From 2010 to 2013 I was an instructor at the George Washington University, teaching a computer science capstone called “Senior Design” (CS 4244). The course was four months of taking an idea — something vague, full of unknowns — and turning it into a known, finished invention. Students came in knowing how to code. They left knowing how to build something real.
What took an entire semester — eight months of scoping, building, presenting, and iterating — can now be done in a day with AI. A student today can go from idea to working prototype before lunch. That’s the world we live in now.
And yet, these lessons stand the test of time. AI can write your code and generate your slides, but it can’t teach you how to pitch to someone who doesn’t care about your architecture. It can’t teach you perception, leverage, or when to push back on a client. The hard part was never the building — it was everything around it. That hasn’t changed.
In 2010 I put together a three-part series called “Idea to Invention” that became the backbone of the course. It covered everything from how to take a raw concept and scope it into something buildable, to the craft of presenting your work in a way that actually lands. Three years later, my own work had gotten so intense that I had to give up teaching.

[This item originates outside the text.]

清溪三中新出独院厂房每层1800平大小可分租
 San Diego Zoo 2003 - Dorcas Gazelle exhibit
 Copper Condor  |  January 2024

Before I left, I put together one final presentation — a 96-slide career talk that distilled everything I’d learned building a company from scratch.
The presentations
How to take a blank page and turn it into something real — scoping an idea, identifying your audience, and understanding why most technical people fail at the pitch, not the code.
Going deeper into the build — screencasting, prototyping, working with APIs, and the discipline of shipping something that isn’t perfect but is done.
The business side — pricing, client negotiation, and the uncomfortable reality that your client probably doesn’t care how clever your architecture is.
My farewell lecture — 96 slides covering the government job I left, the music school that needed “just a programmer,” a $70,000 accounting mistake, debugging a deployment from a Serbian internet cafe, and why your career has no structure unless you build it yourself.